◆ Aim of the exercise ◆
From the data that follows, print exactly the lines starting at the one containing "Раскраски Hello Kitty распечатать на А4" and ending at the one containing "Saftiges Huhn mit"; include both of them and nothing more.

*** Opening Extracted records ***

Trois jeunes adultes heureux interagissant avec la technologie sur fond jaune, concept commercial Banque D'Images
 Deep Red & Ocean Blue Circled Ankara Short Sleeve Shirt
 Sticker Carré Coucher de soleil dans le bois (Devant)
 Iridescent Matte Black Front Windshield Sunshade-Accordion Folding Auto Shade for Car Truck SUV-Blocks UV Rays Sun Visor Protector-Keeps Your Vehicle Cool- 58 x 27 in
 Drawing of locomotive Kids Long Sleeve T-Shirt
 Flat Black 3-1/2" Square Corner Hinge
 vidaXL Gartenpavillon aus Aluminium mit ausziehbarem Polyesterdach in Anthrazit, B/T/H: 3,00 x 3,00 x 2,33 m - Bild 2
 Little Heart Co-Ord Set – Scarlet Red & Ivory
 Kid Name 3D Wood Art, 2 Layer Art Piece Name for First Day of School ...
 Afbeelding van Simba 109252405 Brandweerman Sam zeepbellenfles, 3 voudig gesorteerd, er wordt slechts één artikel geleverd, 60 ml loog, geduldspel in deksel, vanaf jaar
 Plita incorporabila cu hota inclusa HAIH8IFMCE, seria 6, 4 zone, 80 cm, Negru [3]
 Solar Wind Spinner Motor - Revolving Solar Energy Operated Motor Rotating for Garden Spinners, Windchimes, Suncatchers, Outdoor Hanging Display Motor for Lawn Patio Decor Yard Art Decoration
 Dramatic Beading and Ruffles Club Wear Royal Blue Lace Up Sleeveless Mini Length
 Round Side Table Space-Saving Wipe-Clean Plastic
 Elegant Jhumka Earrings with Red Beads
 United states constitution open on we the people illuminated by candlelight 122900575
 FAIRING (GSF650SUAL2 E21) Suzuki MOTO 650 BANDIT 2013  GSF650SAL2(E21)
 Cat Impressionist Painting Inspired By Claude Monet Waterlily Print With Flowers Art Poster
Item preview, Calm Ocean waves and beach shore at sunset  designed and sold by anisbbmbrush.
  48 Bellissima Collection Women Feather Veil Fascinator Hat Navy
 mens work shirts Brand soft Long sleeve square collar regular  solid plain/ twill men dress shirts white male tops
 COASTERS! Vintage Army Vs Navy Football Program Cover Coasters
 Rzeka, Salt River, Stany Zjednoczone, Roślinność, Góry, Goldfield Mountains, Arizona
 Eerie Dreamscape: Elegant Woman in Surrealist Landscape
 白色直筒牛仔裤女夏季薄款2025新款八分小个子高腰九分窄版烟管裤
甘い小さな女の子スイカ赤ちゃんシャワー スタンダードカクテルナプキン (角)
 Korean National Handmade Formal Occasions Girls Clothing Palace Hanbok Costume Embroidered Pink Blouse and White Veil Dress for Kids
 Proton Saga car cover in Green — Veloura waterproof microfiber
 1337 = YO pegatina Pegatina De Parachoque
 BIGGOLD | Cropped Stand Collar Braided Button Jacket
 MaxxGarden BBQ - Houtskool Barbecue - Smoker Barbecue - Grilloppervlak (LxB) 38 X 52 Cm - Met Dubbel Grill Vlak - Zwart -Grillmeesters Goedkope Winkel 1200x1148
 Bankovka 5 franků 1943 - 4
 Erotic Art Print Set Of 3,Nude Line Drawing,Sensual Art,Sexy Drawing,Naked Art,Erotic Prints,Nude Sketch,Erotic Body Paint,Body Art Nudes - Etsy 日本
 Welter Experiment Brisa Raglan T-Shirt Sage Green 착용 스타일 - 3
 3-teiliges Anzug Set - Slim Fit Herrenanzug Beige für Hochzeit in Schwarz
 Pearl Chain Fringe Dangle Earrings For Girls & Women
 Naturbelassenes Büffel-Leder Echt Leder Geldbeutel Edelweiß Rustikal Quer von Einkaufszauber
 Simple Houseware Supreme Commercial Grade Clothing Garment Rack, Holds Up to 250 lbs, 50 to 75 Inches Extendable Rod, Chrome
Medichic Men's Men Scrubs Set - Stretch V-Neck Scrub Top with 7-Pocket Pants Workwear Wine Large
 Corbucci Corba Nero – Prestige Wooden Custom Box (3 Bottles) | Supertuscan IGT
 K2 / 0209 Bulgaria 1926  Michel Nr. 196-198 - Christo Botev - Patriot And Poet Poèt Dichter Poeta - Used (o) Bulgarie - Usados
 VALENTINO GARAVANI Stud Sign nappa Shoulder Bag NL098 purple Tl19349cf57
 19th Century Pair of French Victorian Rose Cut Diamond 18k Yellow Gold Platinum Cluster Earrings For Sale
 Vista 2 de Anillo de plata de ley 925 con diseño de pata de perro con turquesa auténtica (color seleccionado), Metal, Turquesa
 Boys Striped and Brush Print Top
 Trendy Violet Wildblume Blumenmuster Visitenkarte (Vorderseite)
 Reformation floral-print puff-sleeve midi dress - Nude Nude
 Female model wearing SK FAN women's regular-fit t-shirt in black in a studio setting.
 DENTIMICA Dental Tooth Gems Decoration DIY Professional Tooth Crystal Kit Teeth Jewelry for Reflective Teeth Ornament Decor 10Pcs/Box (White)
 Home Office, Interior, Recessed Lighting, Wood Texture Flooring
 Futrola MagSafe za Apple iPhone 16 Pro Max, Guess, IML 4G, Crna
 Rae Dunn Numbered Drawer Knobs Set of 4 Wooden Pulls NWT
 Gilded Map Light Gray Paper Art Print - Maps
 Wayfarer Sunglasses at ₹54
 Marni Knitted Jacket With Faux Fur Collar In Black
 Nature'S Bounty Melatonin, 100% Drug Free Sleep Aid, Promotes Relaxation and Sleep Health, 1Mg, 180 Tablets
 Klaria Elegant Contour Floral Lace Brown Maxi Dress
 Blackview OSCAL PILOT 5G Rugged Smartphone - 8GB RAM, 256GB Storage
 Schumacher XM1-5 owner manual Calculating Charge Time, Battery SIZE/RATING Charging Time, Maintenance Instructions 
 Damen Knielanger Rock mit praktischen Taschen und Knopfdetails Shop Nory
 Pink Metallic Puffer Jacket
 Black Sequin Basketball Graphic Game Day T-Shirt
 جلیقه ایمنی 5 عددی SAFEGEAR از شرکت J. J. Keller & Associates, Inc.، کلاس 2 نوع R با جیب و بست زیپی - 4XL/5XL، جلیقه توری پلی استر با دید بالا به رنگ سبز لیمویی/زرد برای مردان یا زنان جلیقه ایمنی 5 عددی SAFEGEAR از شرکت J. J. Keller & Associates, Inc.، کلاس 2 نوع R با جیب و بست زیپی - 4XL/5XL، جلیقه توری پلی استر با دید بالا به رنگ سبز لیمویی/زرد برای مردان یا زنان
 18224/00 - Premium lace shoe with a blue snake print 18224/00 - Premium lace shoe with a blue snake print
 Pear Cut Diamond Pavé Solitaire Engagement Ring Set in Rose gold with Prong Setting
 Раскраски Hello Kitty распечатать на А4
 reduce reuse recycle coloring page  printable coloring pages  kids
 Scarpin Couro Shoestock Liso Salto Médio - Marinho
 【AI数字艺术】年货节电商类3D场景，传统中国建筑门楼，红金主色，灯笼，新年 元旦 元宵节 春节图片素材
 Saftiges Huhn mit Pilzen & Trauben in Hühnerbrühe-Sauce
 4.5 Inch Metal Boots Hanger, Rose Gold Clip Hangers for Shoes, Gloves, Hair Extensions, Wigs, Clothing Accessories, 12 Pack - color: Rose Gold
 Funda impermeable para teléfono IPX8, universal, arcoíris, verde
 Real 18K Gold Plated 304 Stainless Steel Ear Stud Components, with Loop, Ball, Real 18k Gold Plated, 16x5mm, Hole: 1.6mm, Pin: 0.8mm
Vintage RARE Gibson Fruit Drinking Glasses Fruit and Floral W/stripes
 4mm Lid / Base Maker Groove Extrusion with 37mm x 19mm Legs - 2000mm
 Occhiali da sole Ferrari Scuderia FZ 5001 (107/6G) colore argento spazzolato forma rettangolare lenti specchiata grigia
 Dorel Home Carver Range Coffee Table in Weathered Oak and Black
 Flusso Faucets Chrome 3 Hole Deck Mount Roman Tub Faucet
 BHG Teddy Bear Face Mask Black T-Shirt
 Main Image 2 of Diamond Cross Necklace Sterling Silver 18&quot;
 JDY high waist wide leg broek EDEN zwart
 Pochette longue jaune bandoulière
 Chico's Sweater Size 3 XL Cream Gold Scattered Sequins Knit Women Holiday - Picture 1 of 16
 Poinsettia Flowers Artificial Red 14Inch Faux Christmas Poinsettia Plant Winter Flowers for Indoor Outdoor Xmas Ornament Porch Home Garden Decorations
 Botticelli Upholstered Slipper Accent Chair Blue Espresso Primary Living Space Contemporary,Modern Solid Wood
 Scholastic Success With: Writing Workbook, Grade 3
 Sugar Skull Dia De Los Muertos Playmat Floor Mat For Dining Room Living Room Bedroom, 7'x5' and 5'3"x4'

*** Closing Extracted records ***

◆ Response area ◆
 Раскраски Hello Kitty распечатать на А4
 reduce reuse recycle coloring page  printable coloring pages  kids
 Scarpin Couro Shoestock Liso Salto Médio - Marinho
 【AI数字艺术】年货节电商类3D场景，传统中国建筑门楼，红金主色，灯笼，新年 元旦 元宵节 春节图片素材
 Saftiges Huhn mit Pilzen & Trauben in Hühnerbrühe-Sauce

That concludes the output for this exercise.